И вот ты вырастаешь, начинаешь зарабатывать первые деньги, уже сам решаешь, что смотреть и на чем смотреть, но твое медиапотребление будет навсегда выстроено так, как это было принято на «том» телевидении. Тем более что 90 % людей, которые делают популярный контент на русском языке сейчас, выросли на нем так же, как и ты.

И форматы, которые мы видим на русскоязычном YouTube, подозрительно похожи на то, что мы смотрели 25 лет назад. Интервью, телемосты, экспертные комментарии, обзоры новостей, музыкальные шоу, реакции на клипы, тайны истории, интеллектуальные игры с участием комиков, беседы про секс, стендап-спешлы. «Ты видел, у Задорнова вышел новый стендап-спешл про американцев?» Звучит кринжово, но а что это было-то, с «наберите воздуха в легкие», если не спешл и не стендап, хотя о Comedy Store на бульваре Сансет в Лос-Анджелесе он вряд ли даже подозревал.

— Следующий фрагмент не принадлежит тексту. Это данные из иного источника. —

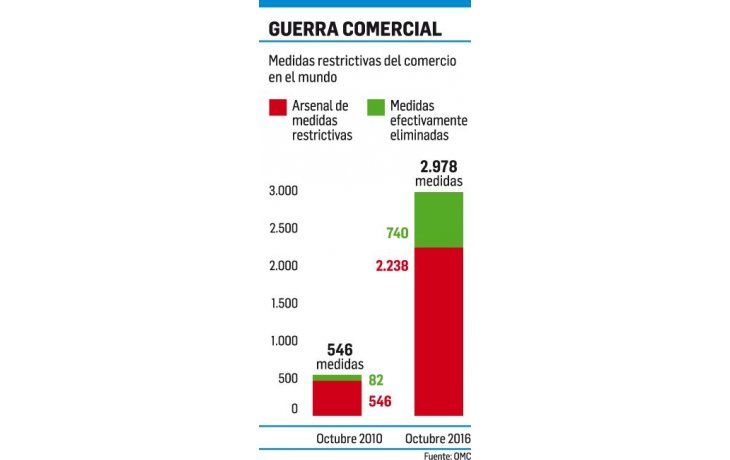 ámbito.com | OMC: ¿será China reconocida como economía de mercado?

Эти форматы придумало не телевидение. Их придумали люди, которые там работали. Сейчас им 60+. А потом люди, которые их смотрели, ушли туда, где теперь еще больше аудитории и еще выше конкуренция. Сейчас им 30+. В этом safe space для них — и для тех, кто на них растет сейчас (10+).

Без феномена русского ТВ 1990-х не было бы никакого феномена русского YouTube 2011–2024. Мы стали второй телеиндустрией мира и сделали второй по качеству и глубине YouTube. Это не человека в космос запустить и не лекарство от рака изобрести, но здесь даже повод для гордости искать не надо — вот они, их целых два, и про них стоит не забывать.